Exercise instructions
Beginning with the line that holds "All_About_Soil" and ending with the last line below, please copy every line exactly, add nothing, and leave out the pictures.
[[ Recorded data open ]]
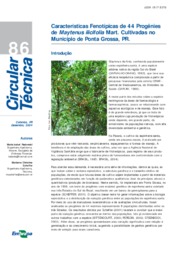 Thumbnail de Características fenotípicas de 44 progênies de Maytenus ilicifolia Mart. cultivadas no Município de Ponta Grossa, PR.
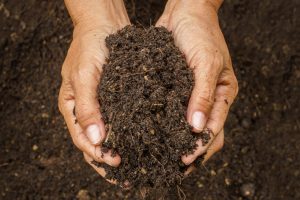 All_About_Soil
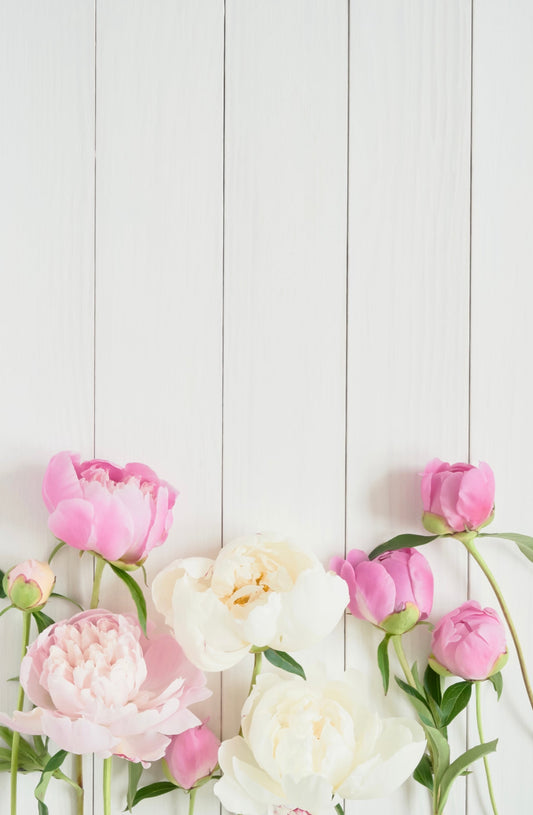 Floral on Ivory Wooden Backdrop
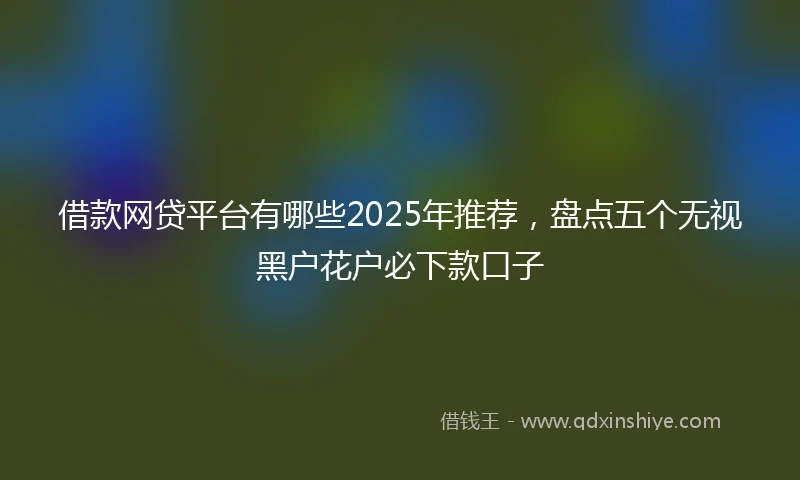 借款网贷平台有哪些2025年推荐，盘点五个无视黑户花户必下款口子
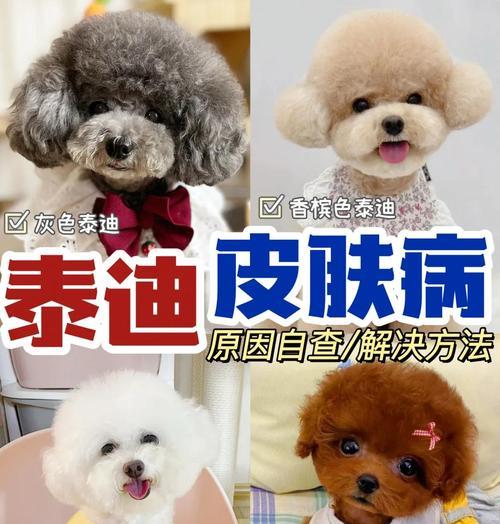 如何判断泰迪狗是否感冒（掌握关键方法，保护爱宠健康）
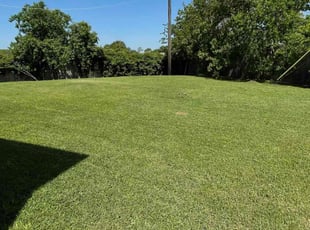 Nelson V.'s lawn care services service result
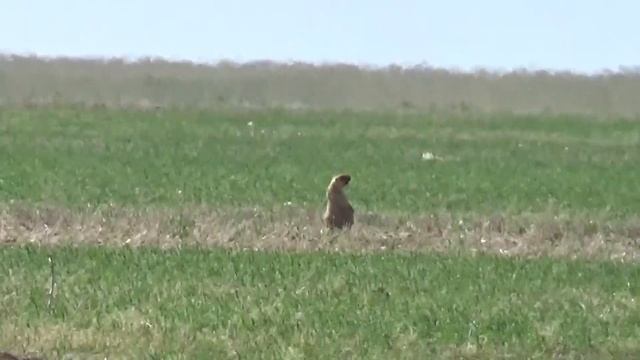 Охота на сурка в Казахстане 2021 смотреть онлайн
[[ Recorded data closed ]]
Solution for this task
 All_About_Soil
 Floral on Ivory Wooden Backdrop
 借款网贷平台有哪些2025年推荐，盘点五个无视黑户花户必下款口子
 如何判断泰迪狗是否感冒（掌握关键方法，保护爱宠健康）
 Nelson V.'s lawn care services service result
 Охота на сурка в Казахстане 2021 смотреть онлайн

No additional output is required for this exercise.